Member of the Legislative Assembly of Quebec for Trois-Rivières
- In office 1969–1970
- Preceded by: Yves Gabias
- Succeeded by: Guy Bacon

Personal details
- Born: September 3, 1935 Louiseville, Quebec, Canada
- Died: August 17, 2015 (aged 79)
- Party: Union Nationale

= Gilles Gauthier =

Canadian politician (1935–2015)

Gilles Gauthier (September 3, 1935 – August 17, 2015) was a Canadian politician from Quebec. He was a Member of the National Assembly.

== Background ==
Gilles Gauthier was born on September 3, 1935, in Louiseville, Quebec, and was a lawyer. He died on August 17, 2015, at the age of 79.

== Federal Politics ==
Gauthier ran as a Progressive Conservative candidate in the federal district of Trois-Rivières in 1968, but lost against Liberal incumbent Joseph-Alfred Mongrain.

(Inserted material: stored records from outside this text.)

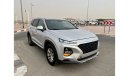 Hyundai Santa Fe High 2019 SPORT 4x4 RUN AND DRIVE 2.4L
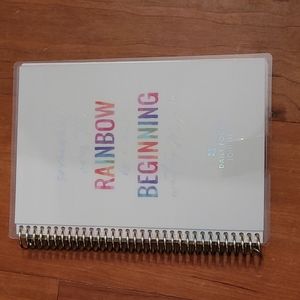 Erin Condren Daily Focus Journal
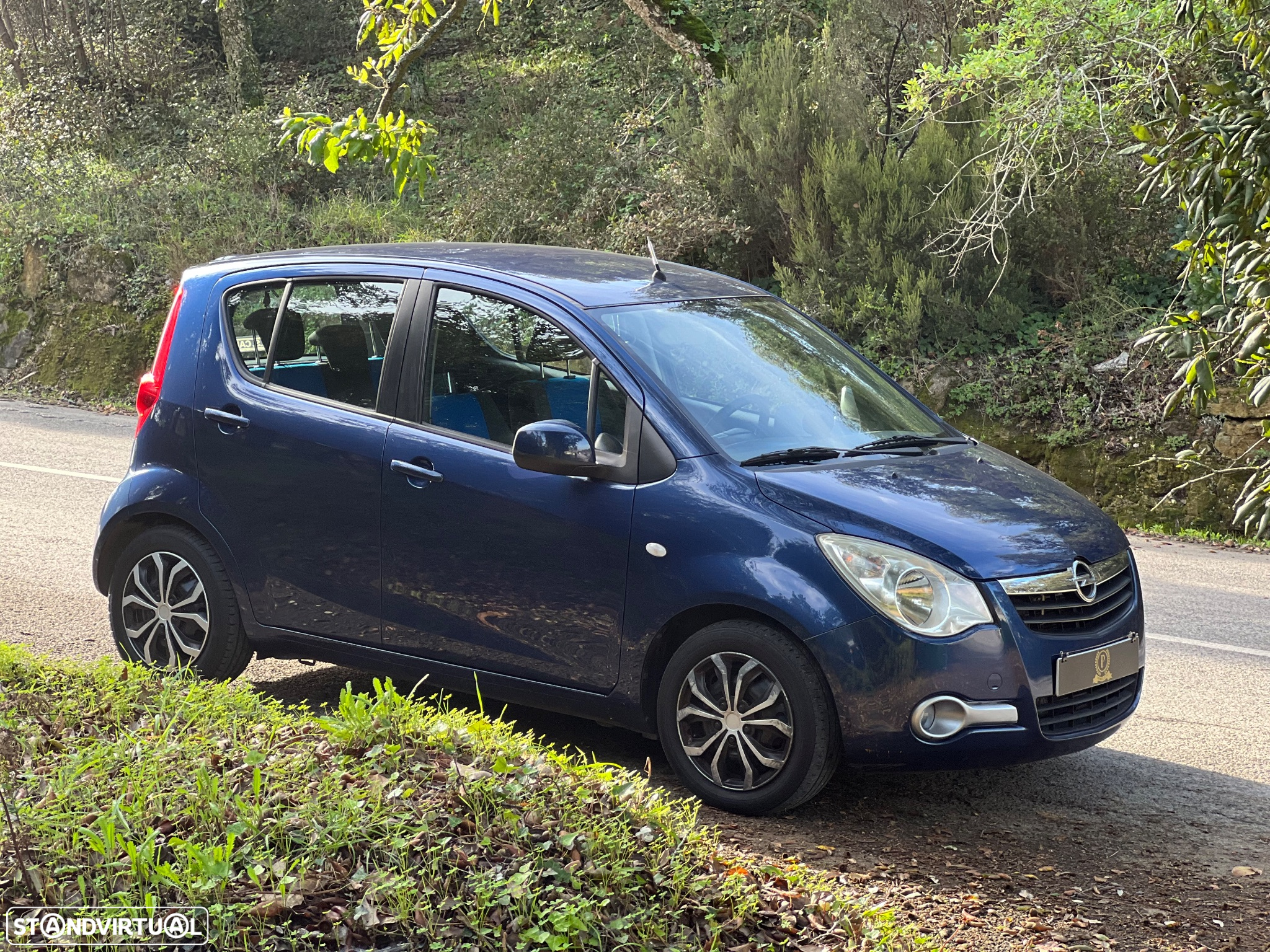 Opel Agila 1.3 CDTi Enjoy - 2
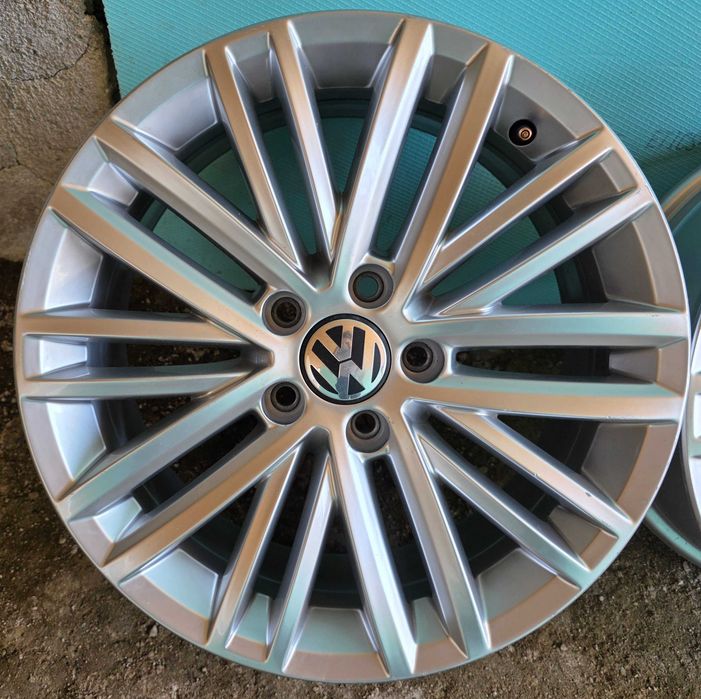 Джанти за Vw Tiguan 17 цола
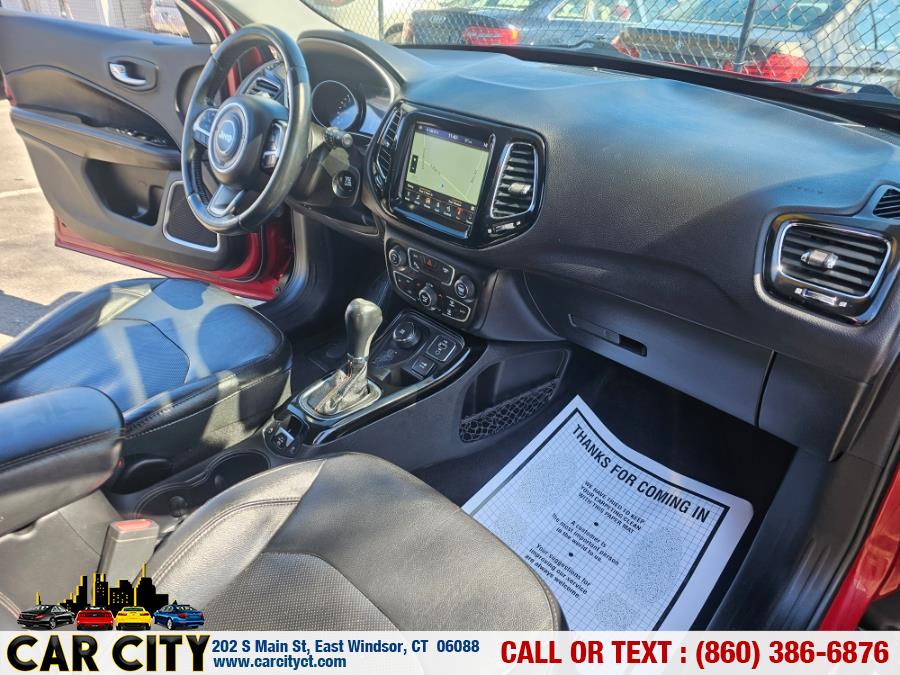 2018 Jeep Compass Limited 4x4 photo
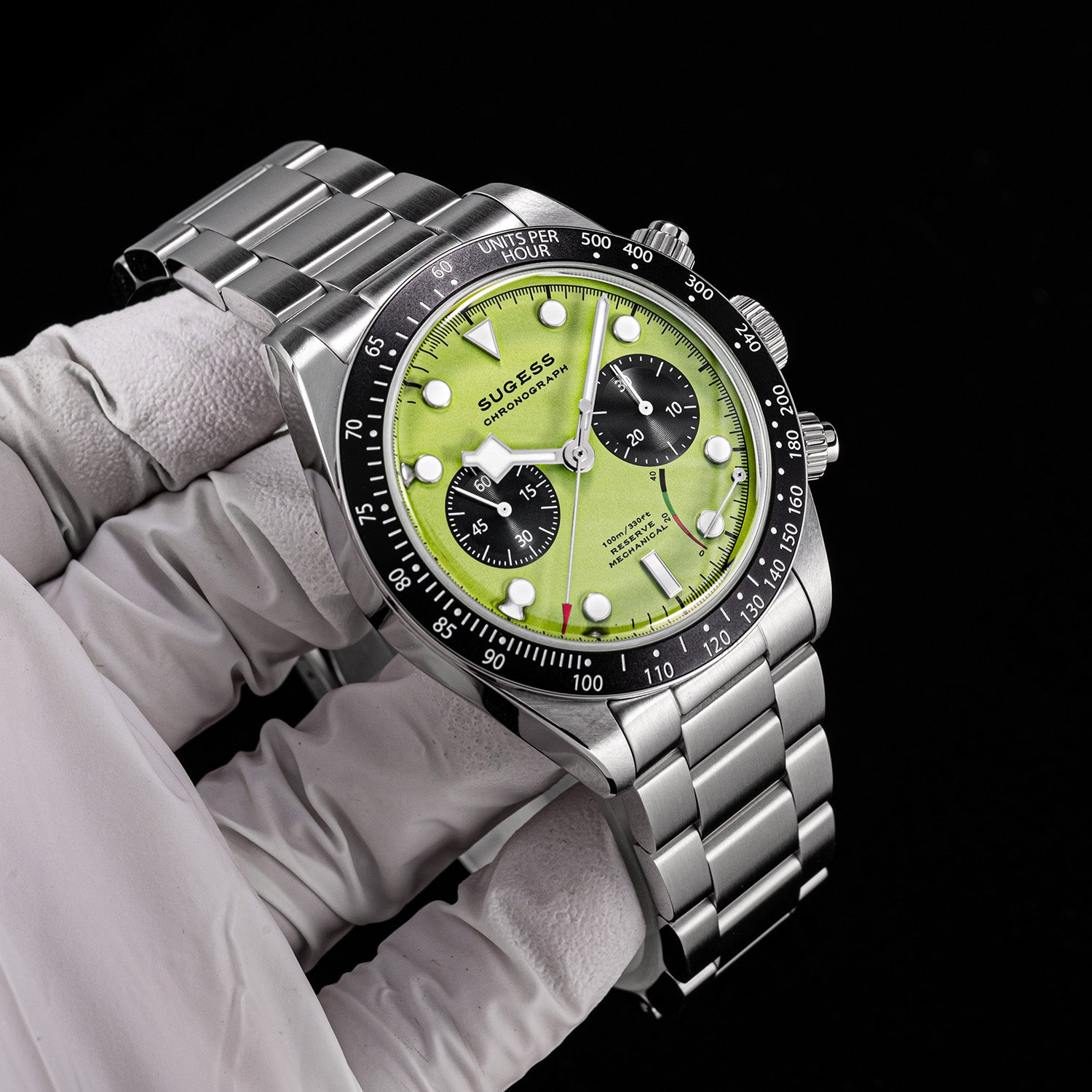 Sugess Watch BB Chrono S457.G Photo 11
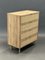 Chest of Drawers in Rattan 2
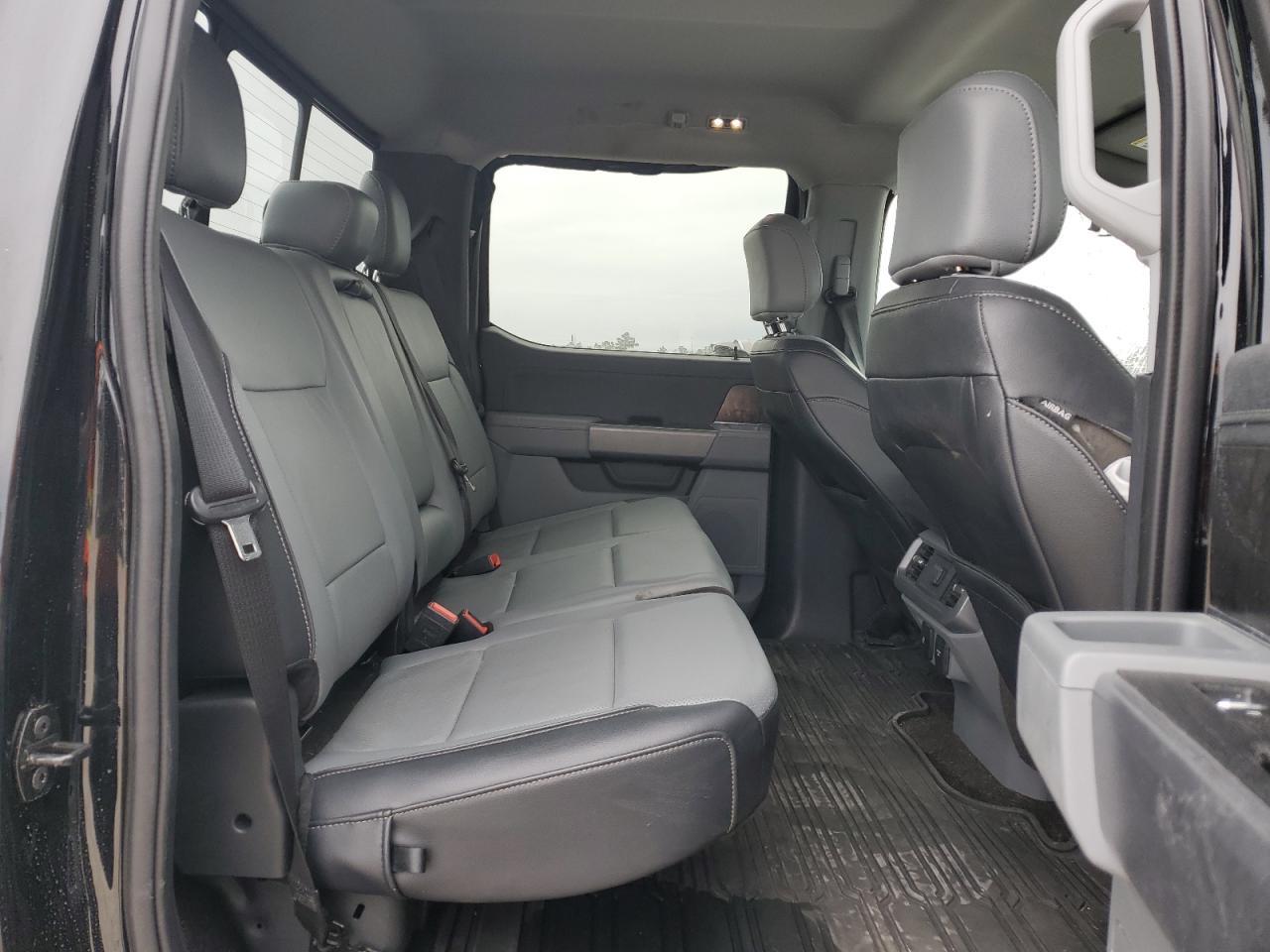 2022 FORD F150 SUPERCREW VIN:1FTFW1ED9NFB19003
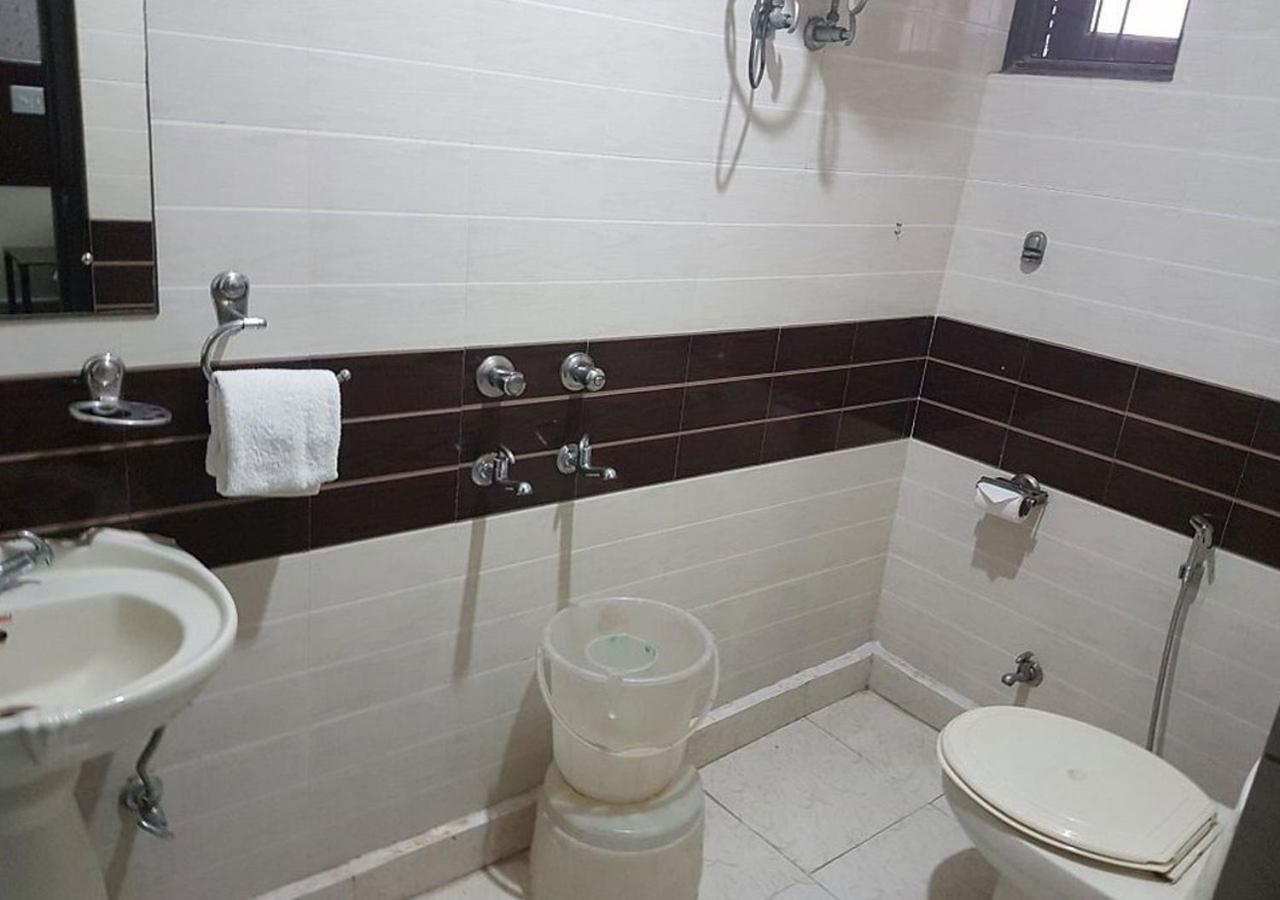 Hotel Olive & Blue - Govt Approved Hotel Near Delhi Airport Nova Deli Exterior foto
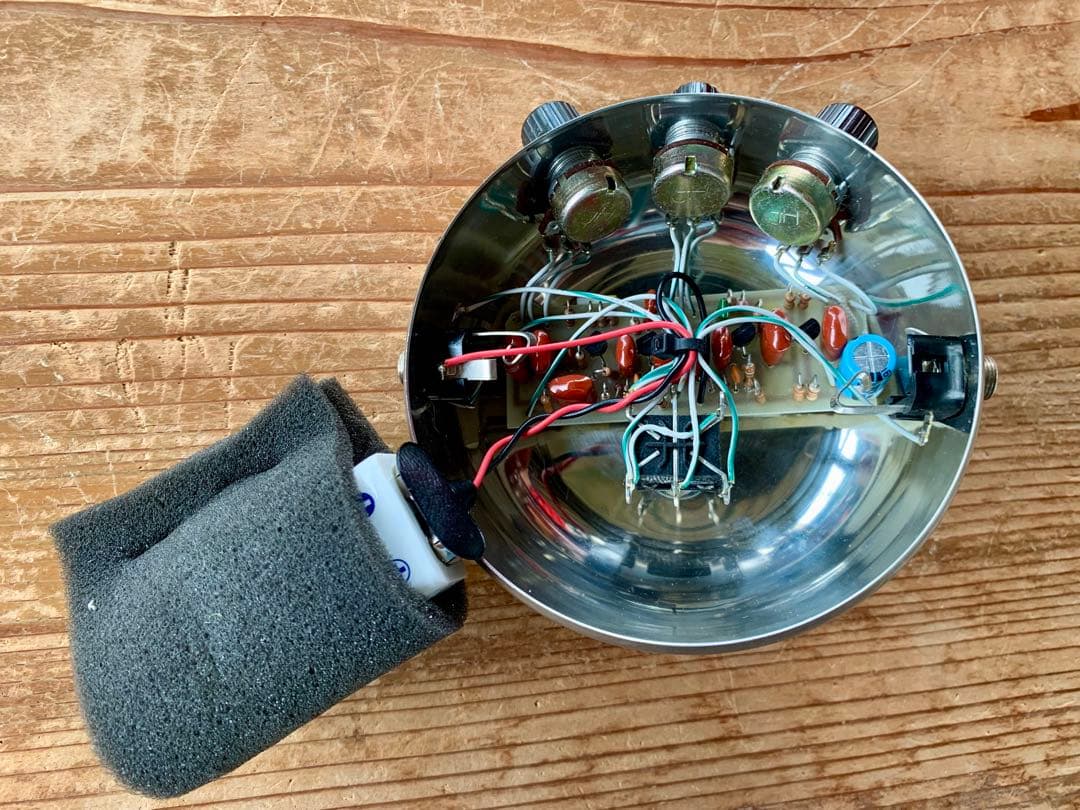 MAD FUZZ 限定版 エフェクター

== Member of the Legislature and work for the Montréal Conservatoire==
Gauthier ran as a Union Nationale candidate in the district of Trois-Rivières in a 1969 by-election, following the resignation of Yves Gabias and won.

Gauthier lost his bid for re-election in 1970 and was defeated in the district of Champlain in 1976. In 1978-1979 he served as the interim director of the Conservatoire de musique du Québec à Montréal after Raymond Daveluy left the post. He was succeeded by Albert Grenier.